Cuando la Asociación Mexicana de Investigadores de la Comunicación (AMIC) nació en 1979, existía una necesidad de que las voces especializadas del campo incidieran en la creación de políticas mediáticas que hicieran frente a los emporios de la época. Hoy, a 30 años de distancia, los tiempos son otros, pero esa necesidad sigue vigente y quizá es más apremiante que antes, en opinión de Raúl Fuentes Navarro, profesor investigador del Instituto tecnológico y de estudios superiores de Occidente (ITESO) y de la Universidad de Guadalajara (UdeG).
Encargado de ofrecer la conferencia inaugural del 21 Encuentro nacional de la AMIC, Fuentes habló asimismo de otras necesidades vigentes en la agenda de los investigadores de la comunicación. Por un lado, que estos se conviertan en agentes legítimos que promuevan las reflexiones pertinentes del país, no sólo del ámbito estrictamente comunicativo. Por otro, que México rompa con la dependencia mediática –y por ende cultural– que tiene con el extranjero.
Tras su intervención en el encuentro, el miembro del Sistema Nacional de Investigadores (SNI) nivel tres, expuso a La Jornada de Oriente su opinión sobre los logros reales de la AMIC en pos de políticas mediáticas favorables a los ciudadanos.
“Ha habido algunos episodios muy importantes de incidencia y de avance. Por supuesto, no sólo de la AMIC sino de ésta sumada a otras fuerzas y agentes. Sin duda ha habido estos esfuerzos. No obstante, tener una postura influyente sobre la realidad de la comunicación en México, por supuesto que no. Ésa la tiene Televisa, no una organización académica incipiente. Es un asunto de capitales y no de saberes, desgraciadamente”.

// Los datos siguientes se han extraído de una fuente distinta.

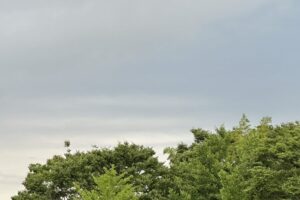 【夢日記】自己責任？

El problema de la educación en México
El panorama que Fuentes Navarro planteaba sobre el campo de la comunicación era claro. Ante un creciente número en la matrícula de las facultades del área –que alcanza cerca de 75 mil individuos–, la cantidad de profesores es insuficiente. De igual forma, a pesar del gran número de instituciones que ofrecen la licenciatura, sólo seis concentran a la mayoría del estudiantado debido, en parte, a que poseen los mejores programas de posgrado: UNAM, UAM, ITESO, UdeG, ITESM –campus Monterrey– y UIA, Santa Fe.
Aunado a lo anterior, el docente expresaba su preocupación ante las condiciones que enfrenta la educación superior en México, donde los candidatos a doctorados de excelencia no saben leer.
“No es un problema de las facultades de Comunicación o de otras licenciaturas o posgrados sino que es un problema para ellas. El problema nace en las primarias; en el sistema educativo en su conjunto y no es de ahora sino de hace muchos años. Es impresionante la incapacidad del sistema educativo nacional para educar. Así de sencillo”.
El 21 Encuentro Nacional de la AMIC continuará hasta el jueves 18 de junio en el teatro del CCU y en la Facultad de Comunicación de la UAP.